Llama la atención que en “Torito”, el célebre cuento de Julio Cortázar, se hable primero de “la barra” y “el lío que armaban en la popular” (Justo Suárez dice extrañarla al pelear en Nueva York) y luego de la “barra del ring-side” (ya en los últimos años de su carrera, los del declive). ¿Cómo explicar en el texto un pasaje semejante? ¿Qué supone esa implícita supresión de lo popular para su reemplazo implícito por el círculo restringido de los que acceden al contorno exclusivo del ring?
La figuración de lo popular, en la obra de Cortázar, admite (y acaso pide) ser considerada antes que nada en clave de peronismo, porque Cortázar parece estar siempre añorando un mundo popular lejano y perdido, un mundo popular anterior al peronismo, no tocado todavía (no dañado todavía) por la irrupción del peronismo.
Pero un cuento como “Torito” cobra además un carácter anticipatorio. ¿O no se ha verificado acaso, desde entonces hasta ahora, un pasaje de esa misma índole en el boxeo: de espectáculo popular a un evento de ring-side? El boxeo fue dejando progresivamente de ser un fenómeno capaz de convocar y movilizar multitudes; las peleas han ido perdiendo el entorno fervoroso de los grandes estadios colmados, en favor de esas dos o tres filas de sillas plásticas dispuestas hoy a menudo, no sin melancolía, a la vera del cuadrilátero, o bien en favor de una gala selecta de oro y glamour para ricos y famosos y celebridades de diversa laya (Cortázar lo anticipó también, con “La noche de Mantequilla”).

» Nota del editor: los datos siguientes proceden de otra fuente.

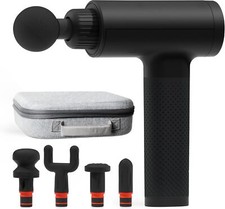 Sharper Image Powerboost Massage Gun 3.0 with 5 Attachments, 6 Speeds - Black
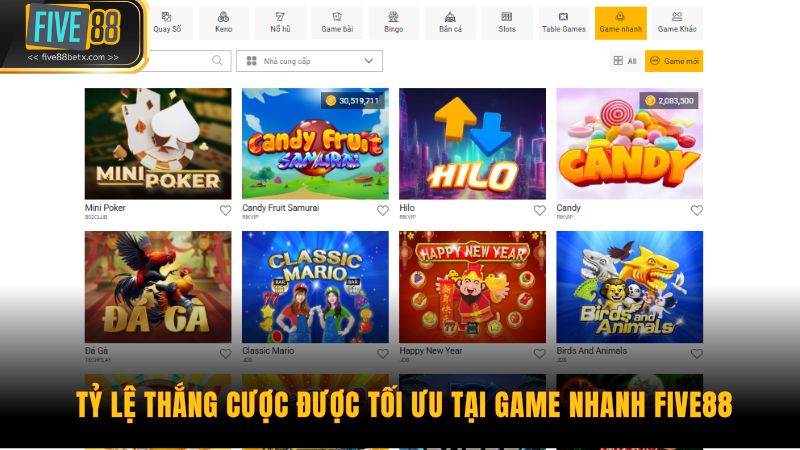 Tỷ lệ thắng cược được tối ưu tại game nhanh Five88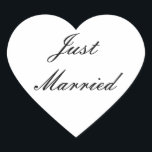 Just Married Sticker<br><div class="desc">Nur Herzklopfen heiraten.</div>
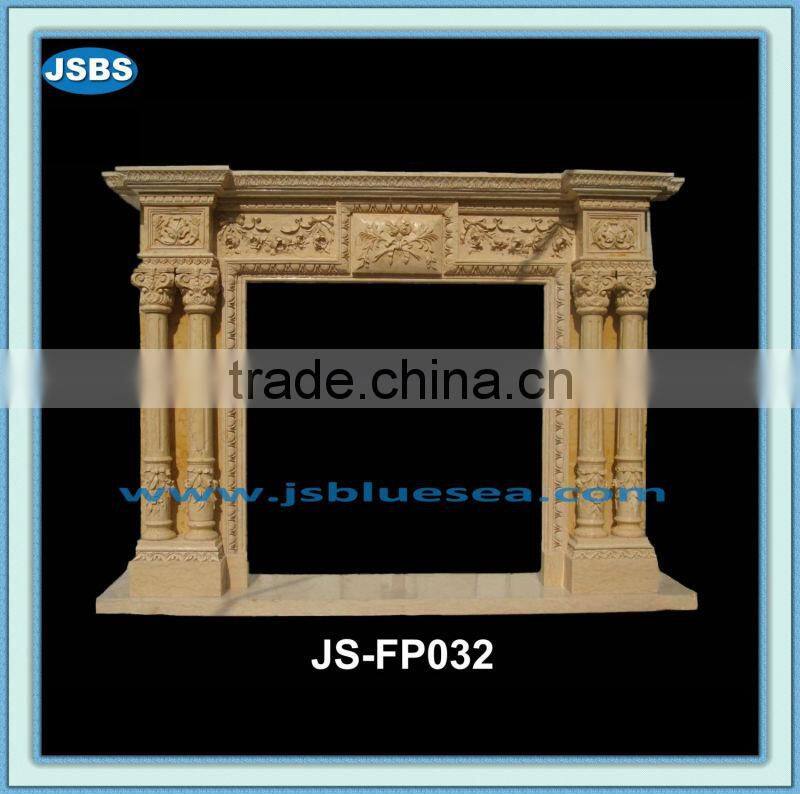 decorative marble pillar carved fireplace mantel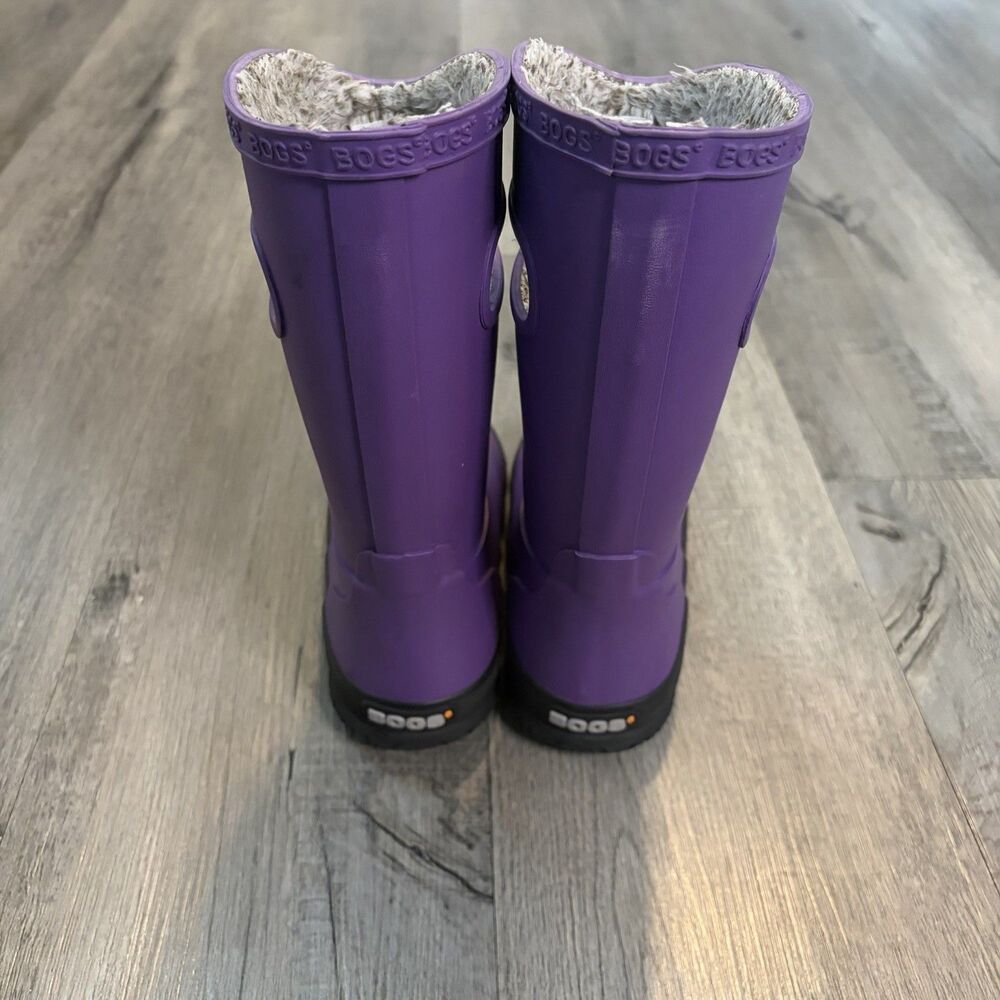 Bogs Kids Rain Boot Plush Waterproof Purple Youth Size 11 Puddle Water Fur Lined - Picture 2 of 7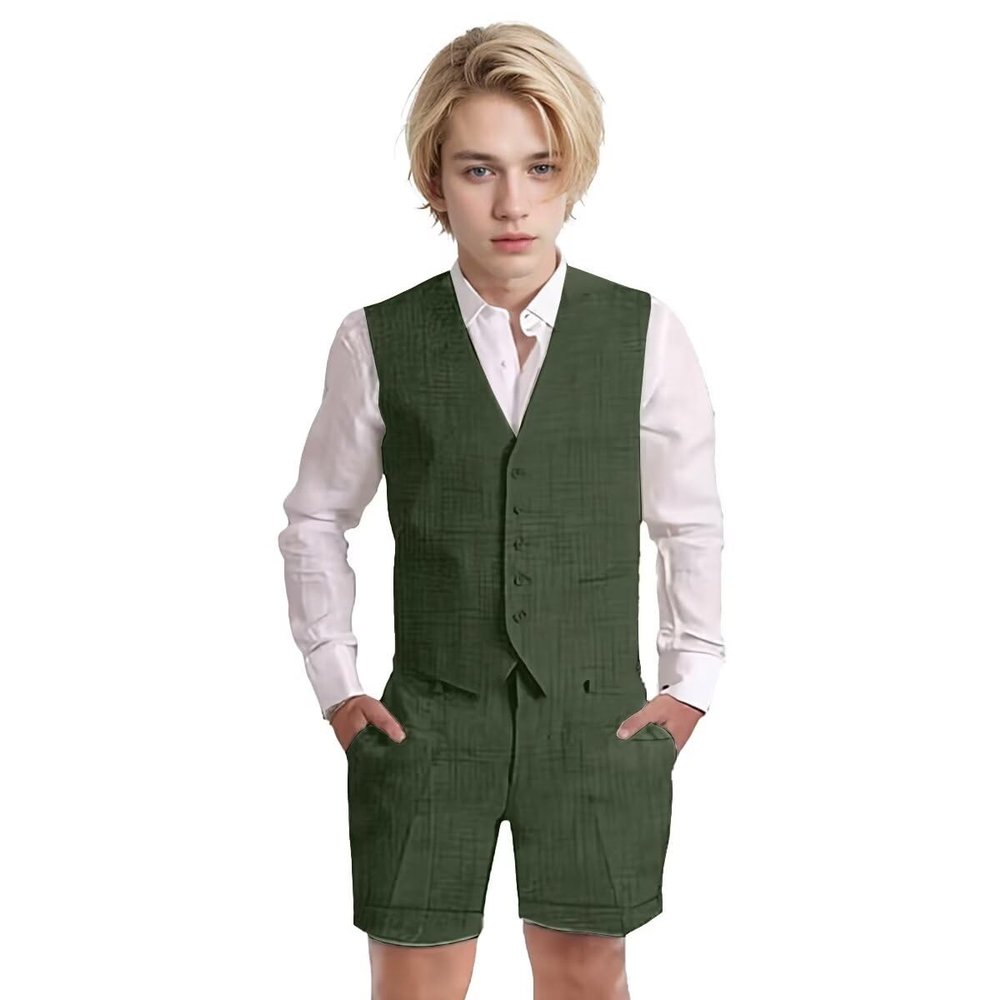Wotoko Boys Summer Linen Suit Slim Fit Kids Tuxedo Beach Wedding Suits for Boys 2 Pieces Vest Short Pants Set,Dark Green,16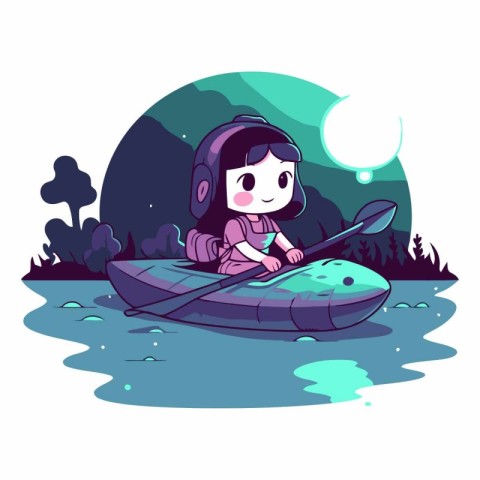 Cute cartoon girl in a kayak on the river.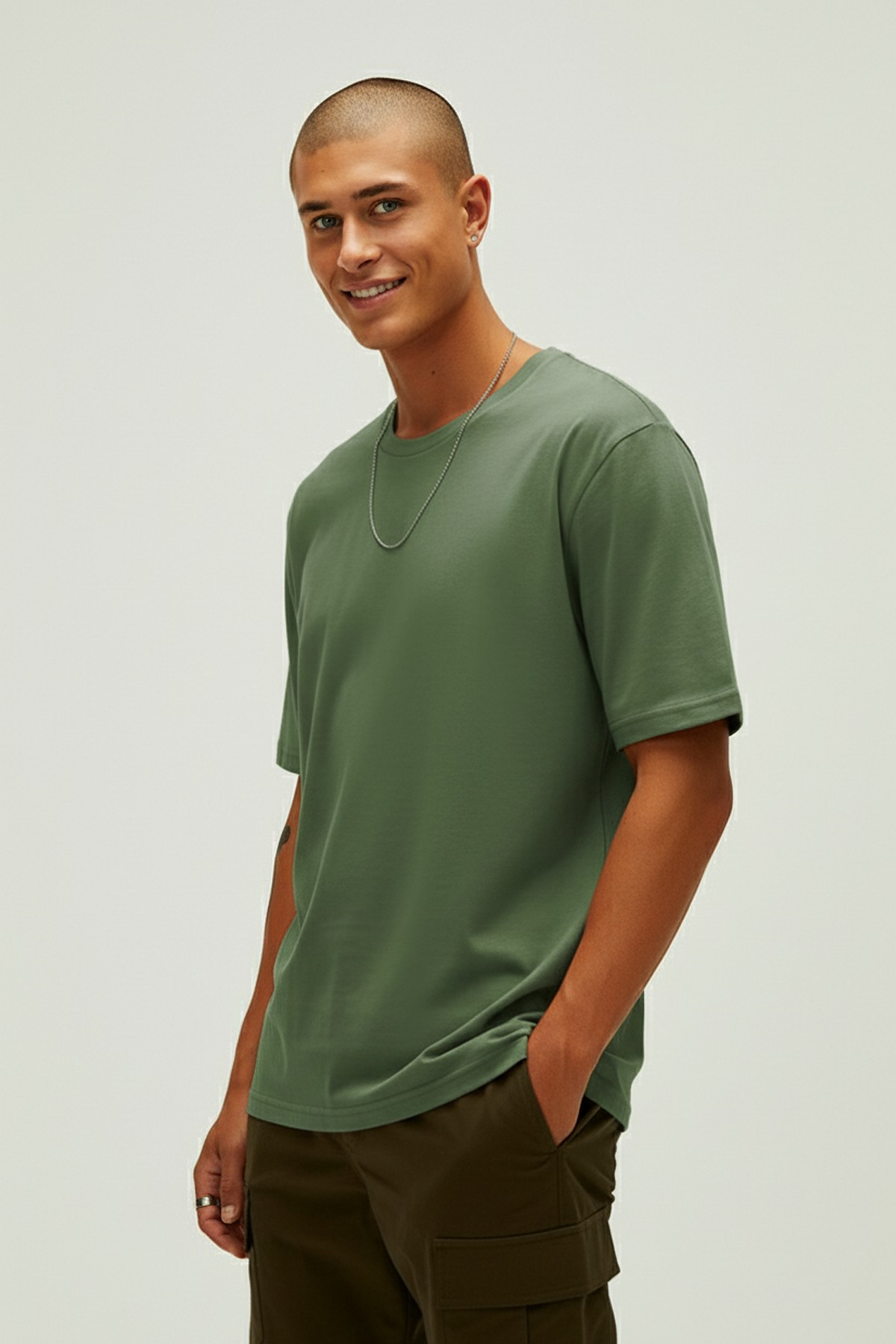 ROUTINE BASIC T-SHIRT BASIC T-SHIRT HAKİ  MAN T-SHIRT ROUTINE BASIC T-SHIRTROUTINE BASIC T-SHIRT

El boxeo se ha ido transformando de un espectáculo televisado (un espectáculo que la televisión cubría y transmitía) a un espectáculo televisivo (un espectáculo montado por y para su televisación). Por abuso promocional, se lanzan sucesivas “peleas del siglo”, a razón de una por año aproximadamente; por falta de nuevos ídolos, se hace pelear a los viejos hasta edades de geriátrico; por necesidad de azuzar un entusiasmo ya devastado, se multiplican las categorías y las coronas, y son tantos los campeones que ya nadie los registra. Los medios de masas les han quitado su fiesta a las masas.
Ahora vienen por el fútbol. El fútbol como negocio (al que no me opongo) sufre el acecho del puro negocio, si es que no del negociado (a los que sí me opongo, y mucho). El presidente de la Conmebol, Alejandro Domínguez, ha vuelto a la carga este año con el propósito de anular las tribunas populares, en procura del modelo del estadio-teatro: todo platea (todo ring-side), sin saltos ni banderas ni desorden ni pasión (aclaro que mi discrepancia con Domínguez se debe a una auténtica divergencia ideológica, y no al hecho de que, según parece, somos en el fútbol argentino hinchas de equipos rivales).
Algunas cosas ya han logrado, son cosas que hemos perdido. A la salida de los equipos a la cancha, por ejemplo, ya le han quitado aquel magnífico pique corto hasta el círculo central que tanta efervescencia encendía, y lo han suplido por una escena anodina de excursión de jardín de infantes, con el árbitro recogiendo la pelota al llegar como un empleado (no es otra cosa) que marca tarjeta (no hace otra cosa) al entrar a su oficina (de eso se trata).
En los festejos de campeonato, los papelitos los tira la entidad organizadora, adecuando la ceremonia al encuadre preestablecido de las cámaras de televisión, con alguna música incongruente brotando de poderosos parlantes, de manera de mantener al público presente en silencio y mayormente inmóvil, con el gesto turístico de dedicarse a tomar fotos. Las vueltas olímpicas se hacen a paso lento, como en un paseo de compras; los jugadores tienen que hacer las veces de hinchas (saltan, gritan, insultan), ya que los hinchas han sido escrupulosamente descartados. Los protagonistas ya no festejan rodeados de público, sino de fotógrafos y camarógrafos, que igual no dejan ver nada (no dejan ver nada en las canchas, para permitir que se vea todo en los diarios y en la televisión).
Yo creo que con el fútbol no podrán. Yo creo que la pasión popular resistirá. Pero dado que con el boxeo pudieron, convendría no confiarse demasiado.